Nous le sentons bien : nous avons beau être submergés de marchandises et de services de toutes sortes, nous ne vivons pas selon nos besoins, à commencer par celui de vivre sur une planète durablement habitable. Un tiraillement au fond de nous – qui peut aller jusqu’à la pathologie, physiologique ou psychologique – nous fait éprouver ceci : pour l’essentiel, nous ne sommes pas satisfaits. Et l’abondance par quoi le capitalisme prétend nous répondre n’est pas la bonne ; elle tape à côté, ou bien nous écrase, sature nos perceptions, sans nous soulager de cette lancinante intuition : ce n’est pas cela dont nous avons besoin.

De quoi avons-nous vraiment besoin ? C’est la question que Razmig Keucheyan entreprend de poser dans sa dernière publication : Les Besoins artificiels, Comment sortir du consumérisme (Zones, 2019). Il n’est pas le premier à esquisser les contours d’une théorie critique des besoins ; son travail s’inscrit dans la filiation des travaux d’André Gorz, l’un des premiers théoriciens de l’écologie politique, et dans celle de l’œuvre moins connue d’Agnès Heller, membre de l’Ecole de Budapest – la précision n’est pas anodine. La théorie des besoins a ainsi pris son essor simultanément dans deux espaces géopolitiques violemment opposés dans leur manière de répondre aux besoins de leurs ressortissants : l’Europe de l’Ouest capitaliste pour Gorz, avec le consumérisme débridé des Trente Glorieuses (son gaspillage, son inconséquence environnementale), l’Europe de l’Est soviétique pour Heller, où une bureaucratie hors-sol a imposé une dictature sur les besoins qui se traduisait par l’économie de la rareté et la douloureuse expérience des files d’attente.

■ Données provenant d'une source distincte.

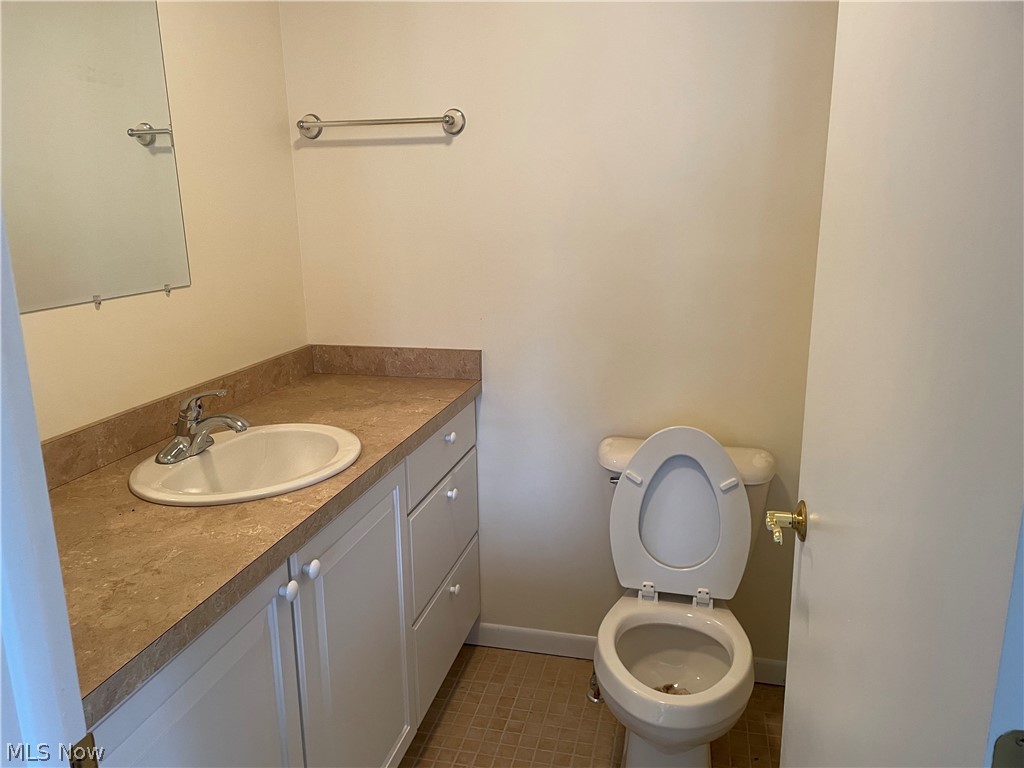 3440 Lakeside Drive Mineral Ridge OH 44440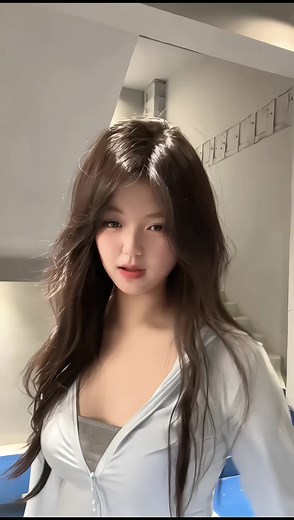 Shenzhen High School Dance: Talented Chinese Girl on Douyin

Le beaucoup trop, et le trop peu ; des deux côtés, au fond, ce qui ressemble à une même séparation néfaste : les individus, dépossédés de la souveraineté sur la production, sont privés de la possibilité d’arbitrer ensemble une question centrale dans toute société : quels besoins doivent être satisfaits, et à quelles conditions ?

L’approche de Razmig Keucheyan consiste à entrer dans cette problématique par le biais de la consommation, et à proposer des pistes stratégiques pour surmonter cette séparation, en renouant par exemple avec le répertoire d’actions des associations de consommateurs, nées au début du XXème siècle, qui se proposaient explicitement d’infléchir les conditions et les objectifs de production en travaillant de concert avec les syndicats de travailleurs. Le capital et l’Etat ont tout fait, au cours du XXème siècle, pour rompre cette dangereuse alliance – et ils y sont parvenus : en France, depuis les années 50, les associations de consommateurs ne reçoivent leur agrément qu’à la condition d’être « indépendantes » des syndicats. Il y a là un obstacle législatif à dénoncer et à renverser, de même qu’il y a des luttes à mener qui peuvent nous sembler triviales, et qui pourraient pourtant être décisives : l’allongement de la durée légale de garantie, par exemple, porté à dix ans, changerait radicalement la face de la société qui le mettrait en oeuvre. Les biens seraient conçus et produits pour durer, bien des ressources seraient économisées, le secteur de la réparation deviendrait florissant, et nous n’achèterions pas tant des marchandises que des usages projetés dans le temps…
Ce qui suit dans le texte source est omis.